SOURCE INFORMATION below:
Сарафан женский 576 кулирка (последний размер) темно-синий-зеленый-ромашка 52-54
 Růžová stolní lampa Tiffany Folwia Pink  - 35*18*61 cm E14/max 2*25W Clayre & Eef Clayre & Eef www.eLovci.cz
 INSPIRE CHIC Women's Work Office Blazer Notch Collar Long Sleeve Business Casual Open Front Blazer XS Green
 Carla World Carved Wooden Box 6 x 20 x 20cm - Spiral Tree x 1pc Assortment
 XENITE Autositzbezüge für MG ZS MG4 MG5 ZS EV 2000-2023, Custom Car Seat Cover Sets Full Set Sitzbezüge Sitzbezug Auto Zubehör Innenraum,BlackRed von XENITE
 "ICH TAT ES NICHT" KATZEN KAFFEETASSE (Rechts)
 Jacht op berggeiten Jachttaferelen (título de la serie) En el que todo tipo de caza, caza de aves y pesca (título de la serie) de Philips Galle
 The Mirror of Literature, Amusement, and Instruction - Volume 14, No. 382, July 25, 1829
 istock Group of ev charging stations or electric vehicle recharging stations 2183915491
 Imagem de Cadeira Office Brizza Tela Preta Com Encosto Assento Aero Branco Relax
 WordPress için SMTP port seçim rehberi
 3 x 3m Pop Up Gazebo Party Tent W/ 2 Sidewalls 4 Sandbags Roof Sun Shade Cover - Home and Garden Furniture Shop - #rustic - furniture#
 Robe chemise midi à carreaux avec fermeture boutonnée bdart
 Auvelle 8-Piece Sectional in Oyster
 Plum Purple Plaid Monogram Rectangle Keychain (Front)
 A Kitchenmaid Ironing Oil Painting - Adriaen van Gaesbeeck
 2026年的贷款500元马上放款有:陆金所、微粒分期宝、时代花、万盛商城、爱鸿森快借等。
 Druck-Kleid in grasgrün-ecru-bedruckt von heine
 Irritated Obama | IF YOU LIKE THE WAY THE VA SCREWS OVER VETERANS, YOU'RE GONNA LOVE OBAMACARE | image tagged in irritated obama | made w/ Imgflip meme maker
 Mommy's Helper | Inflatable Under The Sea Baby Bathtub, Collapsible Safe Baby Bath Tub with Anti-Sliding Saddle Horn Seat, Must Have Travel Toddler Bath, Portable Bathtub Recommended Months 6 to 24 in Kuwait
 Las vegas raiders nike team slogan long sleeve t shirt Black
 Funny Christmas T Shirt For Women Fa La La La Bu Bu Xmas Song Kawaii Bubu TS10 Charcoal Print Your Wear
End of SOURCE INFORMATION.
■ AIM OF THE TASK
Each line from the one holding "Las vegas raiders" to the end of the data above goes into the answer exactly as written, and no other line does.

■ SOLUTION
 Las vegas raiders nike team slogan long sleeve t shirt Black
 Funny Christmas T Shirt For Women Fa La La La Bu Bu Xmas Song Kawaii Bubu TS10 Charcoal Print Your Wear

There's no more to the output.